---------- Data supplied ----------

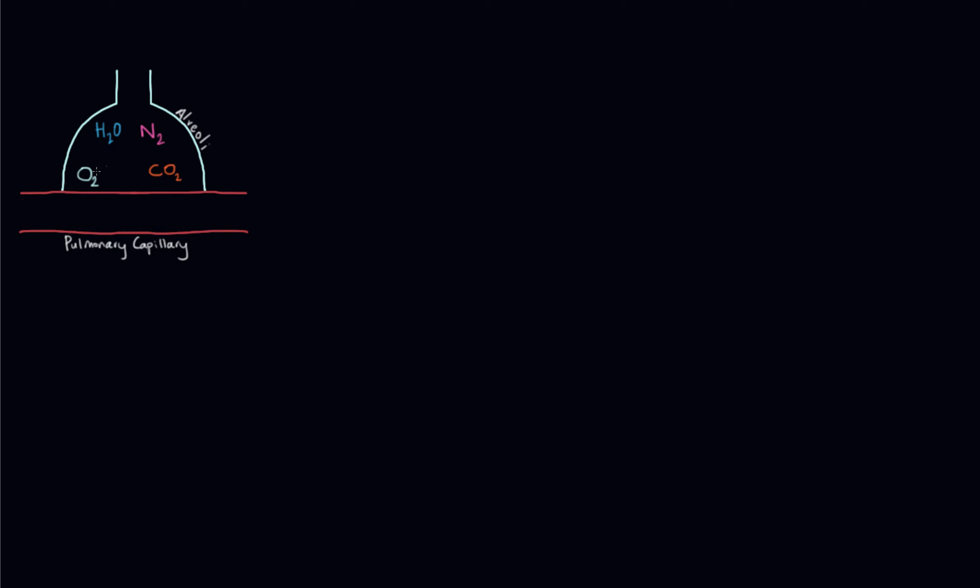There are four gases that we really care about clinically in the alveolus: oxygen, carbon dioxide, nitrogen, and water vapor. In this diagram, you can see we have the alveoli here, and this red tube represents the pulmonary capillary.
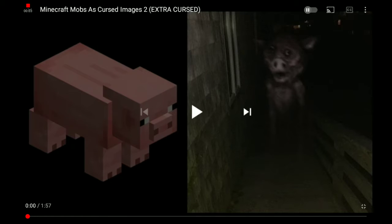Hello everyone, this is Super Italian Rose. Now, if you really don't want nightmares, please don't watch this video. But we're gonna look at Minecraft mobs as cursed images, and other Minecraft cursed images if we have more time.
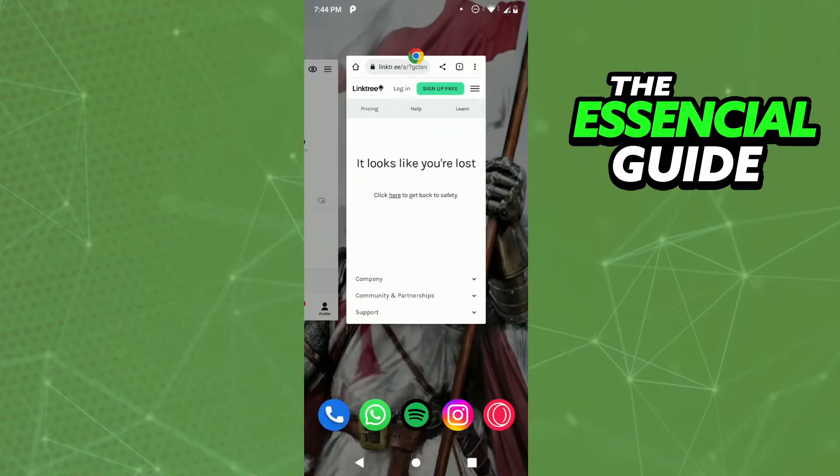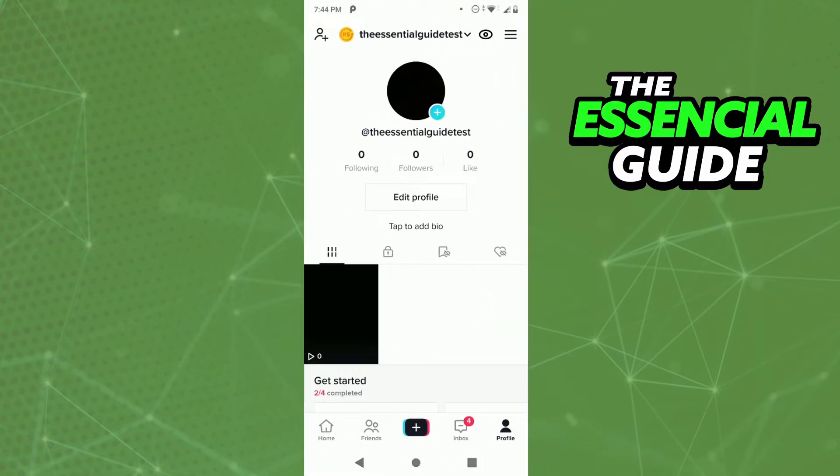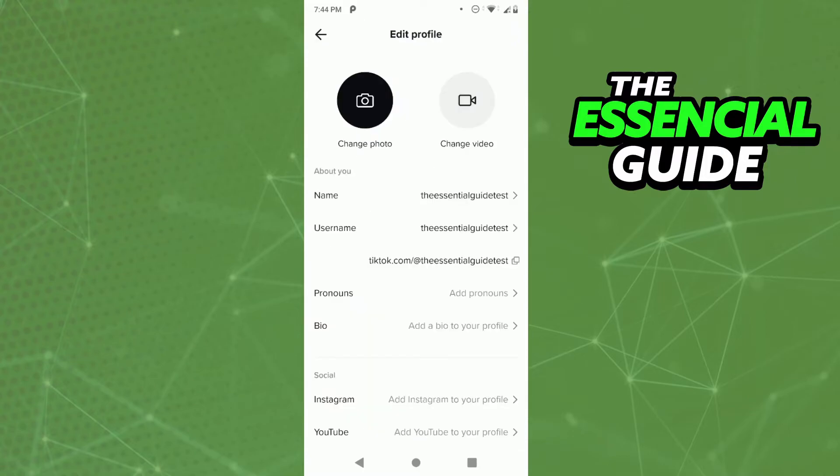In TikTok, you go to your profile, and in your profile you see in the middle of your screen Edit Profile. You click here and here you see bio in the last option. You click here.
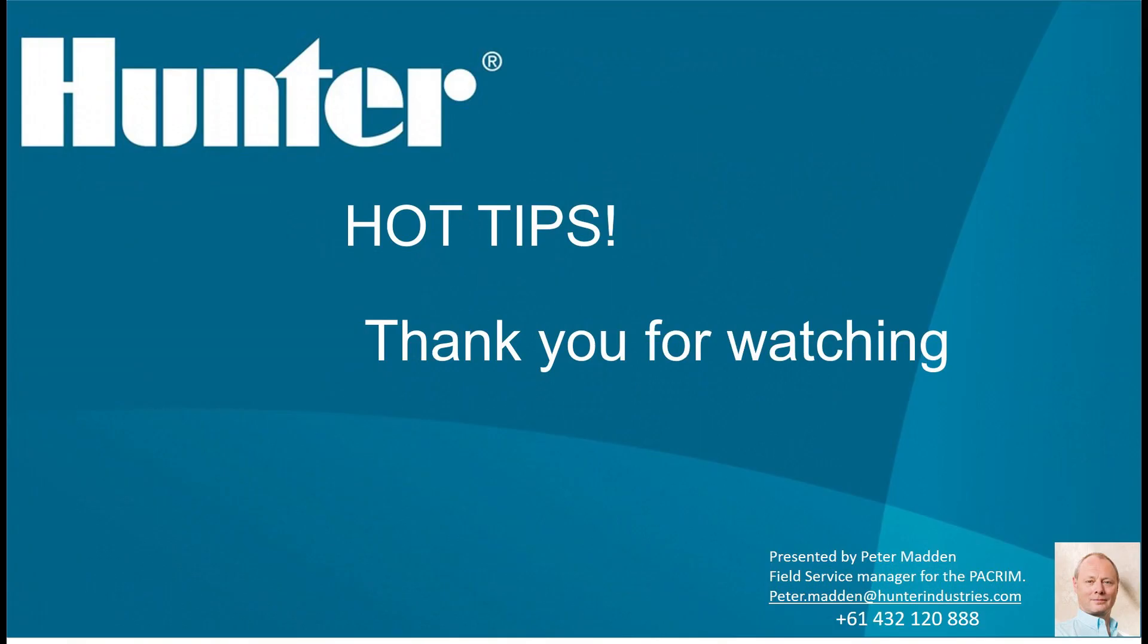Thank you for watching this Hunter Hot Tips video. Until next time, goodbye.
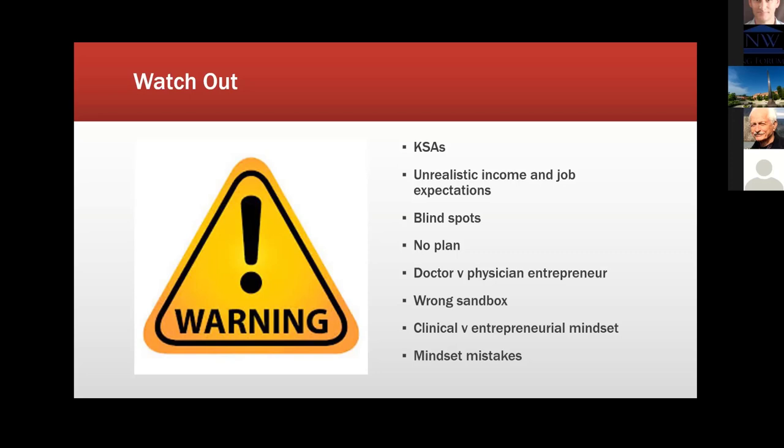Particularly physicians, but other people have unrealistic income and job expectations. The third is that they simply don't acknowledge that they don't know what they don't know. And therefore, they have not just knowledge blind spots, but they have emotional blind spots, or character or personality or mindset blind spots. They just figure that since they have their degrees and the initials after their name, that they really don't need a plan. But unfortunately, it doesn't work out that way. There's a difference between being a doctor and a physician scientist engineer entrepreneur. The clinical or the scientific mindset is really different than the entrepreneurial mindset.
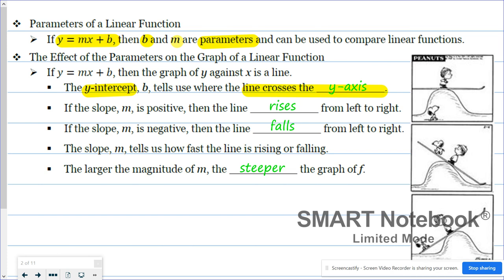The slope — that value of m — tells us a little bit more. If the slope is positive, then the line is rising from left to right, or it's increasing. If the slope is negative, then the line is falling from left to right, so it's decreasing. The slope tells us how fast the line is rising or falling.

----------

Give back exactly, and only, the lines from the one holding "Particularly physicians, but" through the last line of the entries, with every picture omitted.

Particularly physicians, but other people have unrealistic income and job expectations. The third is that they simply don't acknowledge that they don't know what they don't know. And therefore, they have not just knowledge blind spots, but they have emotional blind spots, or character or personality or mindset blind spots. They just figure that since they have their degrees and the initials after their name, that they really don't need a plan. But unfortunately, it doesn't work out that way. There's a difference between being a doctor and a physician scientist engineer entrepreneur. The clinical or the scientific mindset is really different than the entrepreneurial mindset.
The slope — that value of m — tells us a little bit more. If the slope is positive, then the line is rising from left to right, or it's increasing. If the slope is negative, then the line is falling from left to right, so it's decreasing. The slope tells us how fast the line is rising or falling.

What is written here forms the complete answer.